La elección de la obra responde a dos necesidades: una grupal, vinculada al deseo del equipo de seguir trabajando junto, y otra colectiva, que apunta a visibilizar una problemática que suele ser silenciada. Según la psicóloga, el teatro permite hablar del suicidio sin el morbo ni el prejuicio que caracterizan a otros espacios, y pone el foco en la defensa de la vida, la empatía y la escucha activa.
“El teatro tiene lo bonito de permitirnos hablar de esto sin el morbo, sin el tabú y sin el prejuicio”, señaló la profesional.
El desafío de montar una obra con una temática delicada
El equipo enfrentó la dificultad de mostrar el dolor sin banalizarlo ni convertirlo en un espectáculo, pero también sin caer en un tono solemne que aleje al público.

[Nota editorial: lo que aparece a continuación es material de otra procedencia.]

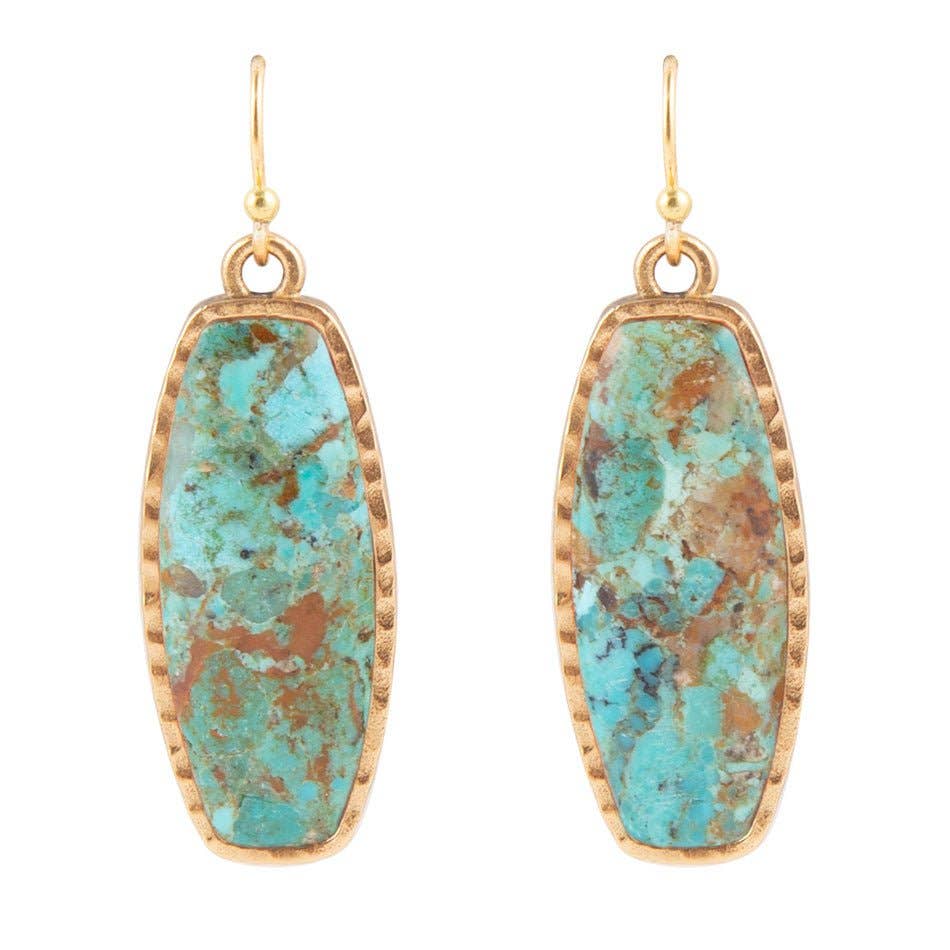 Barse Jewelry- Odyssey Long Turquoise and Bronze Statement Earrings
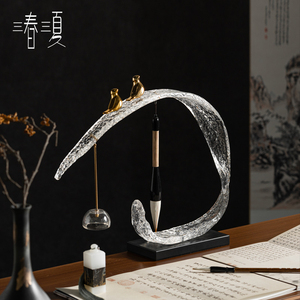 新中式高档透明创意笔架摆件书房样板间展示柜禅意工艺品软装饰品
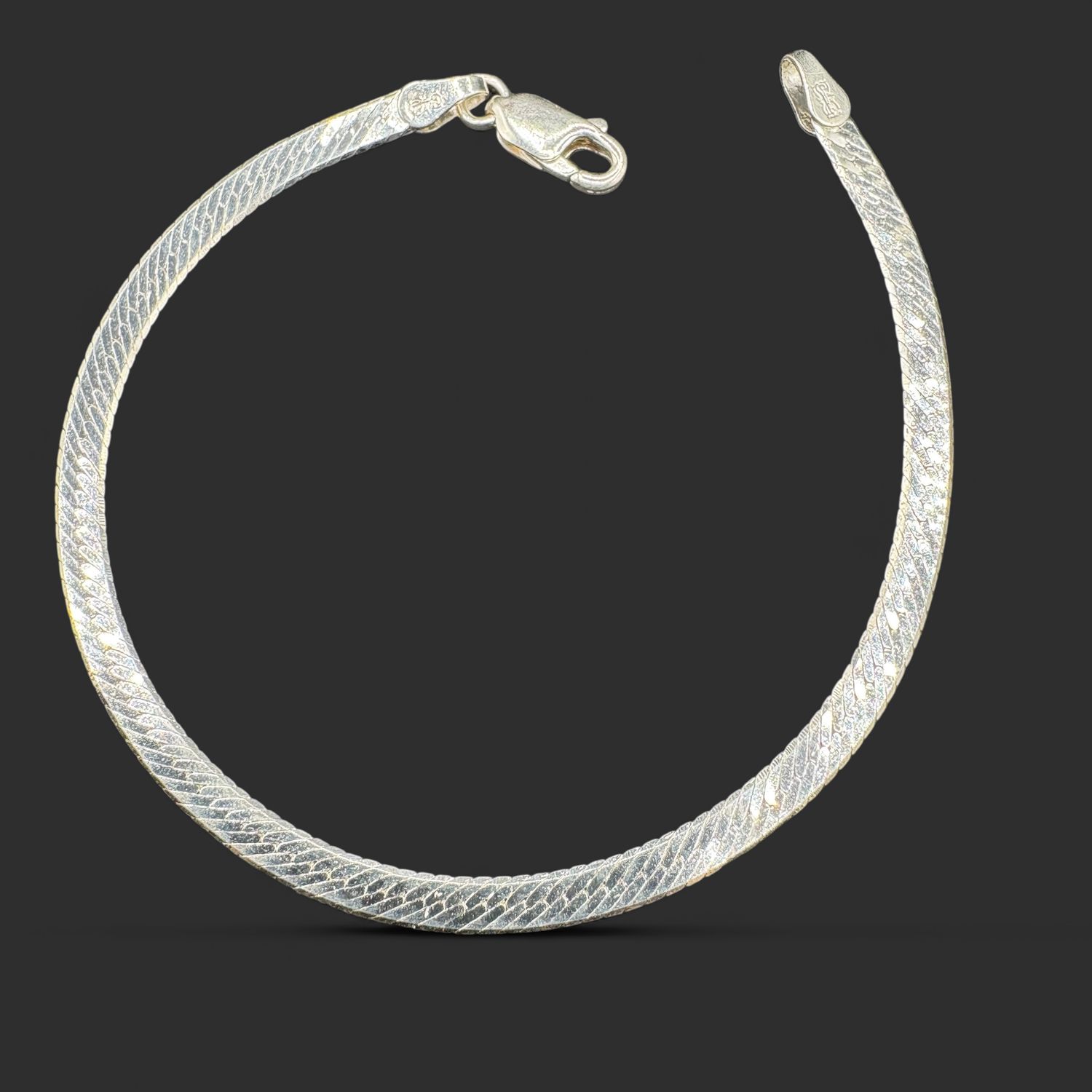 STERLING HERRINGBONE REVERSIBLE BRACELET 7"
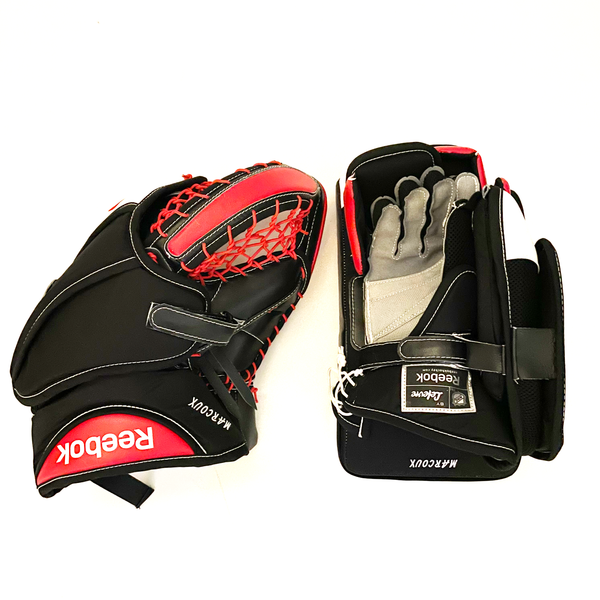 Reebok Premier - New Pro Stock Goalie Glove Set (Black/White/Red)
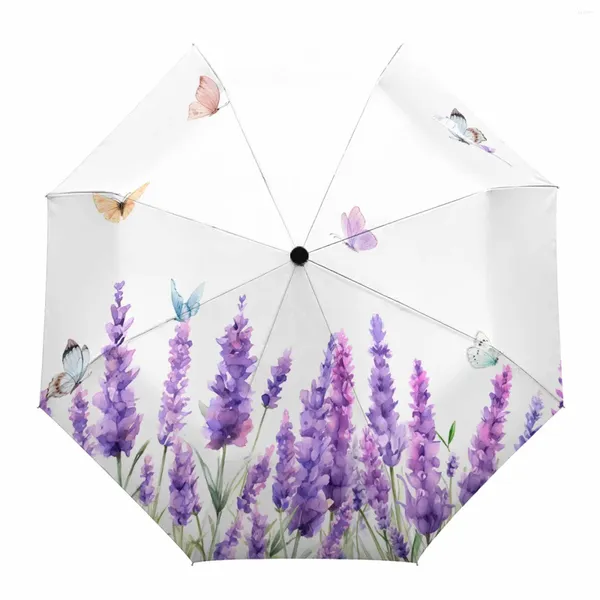 Parapluies Spring Watercolor Lavender papillon automatique Voyage pliant parasol portable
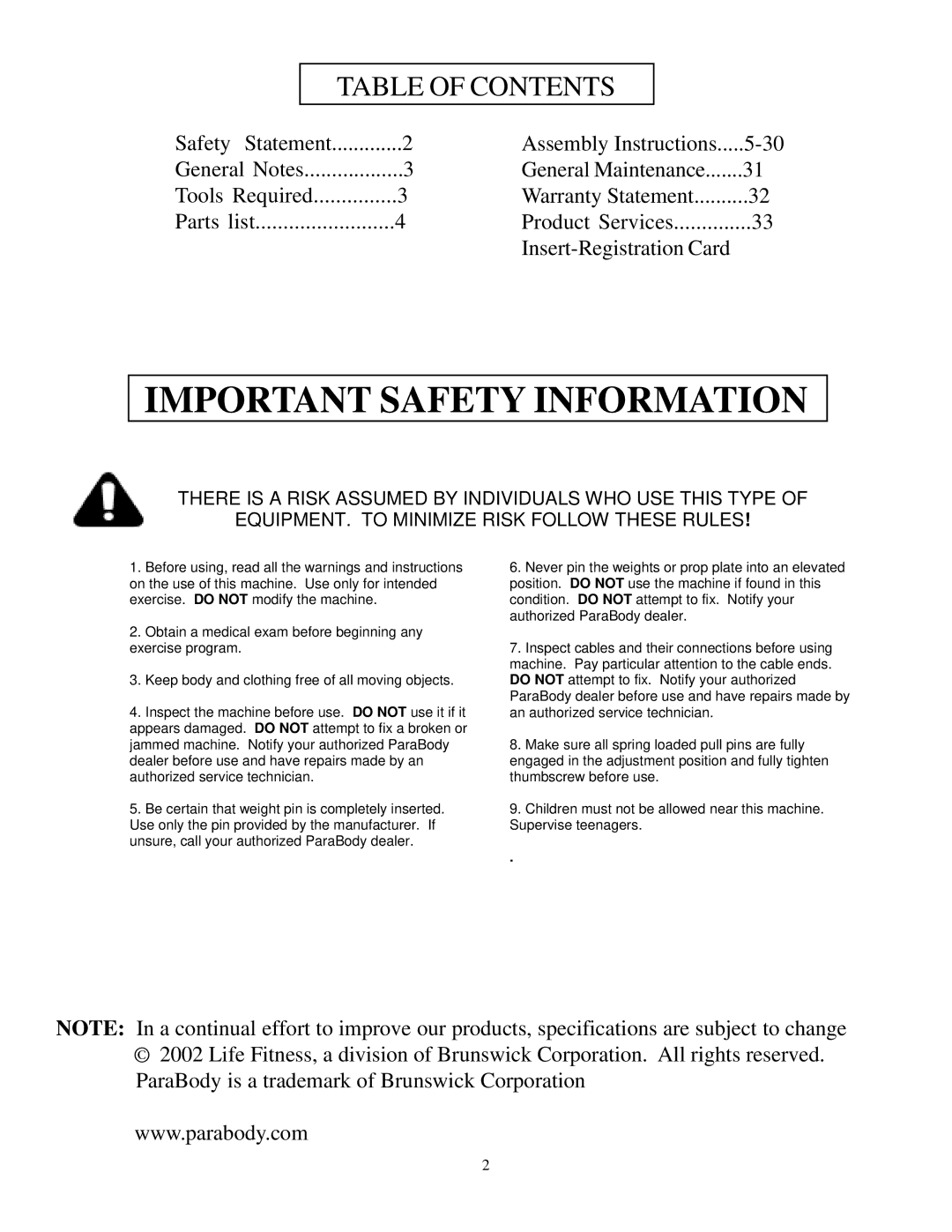 ParaBody GS6 manual Important Safety Information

La responsabilidad de tratar un tema donde las palabras y las imágenes pueden impactar profundamente al espectador exigió un trabajo cuidadoso en la adaptación del texto y en cada detalle de la puesta en escena.
¿Qué mitos y prejuicios persisten sobre el suicidio?
La psicóloga desterró varios mitos arraigados en la sociedad: la idea de que quien menciona el suicidio no lo va a cometer, que es un acto egoísta o de débiles, o que preguntar al respecto empeora la situación. En realidad, hablar del tema de forma abierta y respetuosa suele aliviar a quien está sufriendo, mientras que el silencio profundiza el aislamiento.
Señales de alerta y cómo acompañar a quien sufre
Entre las señales que pueden indicar que una persona cercana está atravesando un mal momento, la especialista mencionó cambios notorios en el estado de ánimo, el aislamiento social, la pérdida de interés en actividades que antes eran significativas y frases vinculadas a sentirse una carga o a no ver salida. Ante estas señales, recomendó ofrecer un espacio de escucha sin juicios y acompañar a la persona a buscar ayuda profesional.
También advirtió sobre frases que, aunque dichas con buena intención, pueden minimizar el sufrimiento ajeno, como “pensá en positivo” o “hay gente que la está pasando peor”. En cambio, propuso un acompañamiento más genuino: “No sé cómo ayudarte, pero acá estoy”.
Pedir ayuda no es debilidad, es cuidado personal
La obra busca transmitir que las personas que sufren no están solas y que el dolor puede nombrarse sin vergüenza. “Pedir ayuda es un gesto de amabilidad con uno mismo, de cariño y de cuidado, no de debilidad o vulnerabilidad”, concluyó la psicóloga. La propuesta se inscribe en un esfuerzo más amplio por fortalecer la red de contención social, un rol que también compete a las instituciones y al Estado.